Highlights are good, of course – thanks for the highlights – but they’re not actually what they purport to be. A highlights show isn’t the best of the day’s play, because the best and most vital aspect of sport is watching it unfold, not knowing which way the match is going to turn next.
Sure, you can bunker down and try and Likely Lads it – and good luck with that in this day and age – but that’s an artificial thing. When you’re watching the game play out that evening – or rather watching some of it play out – you can’t help but be aware that there’s an editorial layer between you and what happened. What are they choosing to show you here and what’s hidden?
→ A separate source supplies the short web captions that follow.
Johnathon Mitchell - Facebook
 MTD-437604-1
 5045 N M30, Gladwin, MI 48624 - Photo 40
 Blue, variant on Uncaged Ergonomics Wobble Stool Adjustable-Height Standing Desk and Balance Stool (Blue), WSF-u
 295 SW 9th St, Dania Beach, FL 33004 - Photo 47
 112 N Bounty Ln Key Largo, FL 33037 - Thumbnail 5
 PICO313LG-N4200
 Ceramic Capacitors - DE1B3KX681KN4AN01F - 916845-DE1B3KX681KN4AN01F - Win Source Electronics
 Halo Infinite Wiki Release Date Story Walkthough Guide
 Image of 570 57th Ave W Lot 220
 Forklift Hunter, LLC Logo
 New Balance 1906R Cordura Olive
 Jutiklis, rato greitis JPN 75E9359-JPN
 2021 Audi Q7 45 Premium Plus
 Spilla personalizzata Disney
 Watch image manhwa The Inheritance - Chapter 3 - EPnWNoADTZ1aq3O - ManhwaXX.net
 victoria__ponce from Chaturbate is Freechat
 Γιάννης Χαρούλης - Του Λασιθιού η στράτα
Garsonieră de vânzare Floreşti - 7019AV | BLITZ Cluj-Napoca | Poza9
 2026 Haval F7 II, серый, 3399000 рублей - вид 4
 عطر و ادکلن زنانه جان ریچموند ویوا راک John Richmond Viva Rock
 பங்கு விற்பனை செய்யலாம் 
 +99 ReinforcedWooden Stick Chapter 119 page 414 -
Highlights aren’t even sport really; they’re entertainment. They’re a depiction of sporting events, shorn of the uncertainty and therefore also the drama. There’s much to enjoy, but you don’t get that holy-hell-are-you-watching-this quality that can make sport feel so immediate and vital.
An LBW that breaks a comfortable partnership is a 1.21 gigawatt bolt of lightning out of a clear blue sky when you’re watching a match live, and every bit as electrifyng. Conversely, on the highlights, that same wicket won’t really feel like much at all, because wickets are, um, highlights, so you’re primed to think there’s always one on the way.
All these plot twists that move you – the sixes out of nowhere, the slowly unfurled partnership that almost imperceptibly tows the game in a barely believable new direction – these things cannot really be perceived within the confines of a 60-minute ‘best of’ show.
These are the things that make sport. These moments and our emotional reactions to them are what develop our infatuation with what is, after all, just a game. The mystery inherent in watching a live game unfold is such a fundamental aspect of following sport – but these days you have to pay for it.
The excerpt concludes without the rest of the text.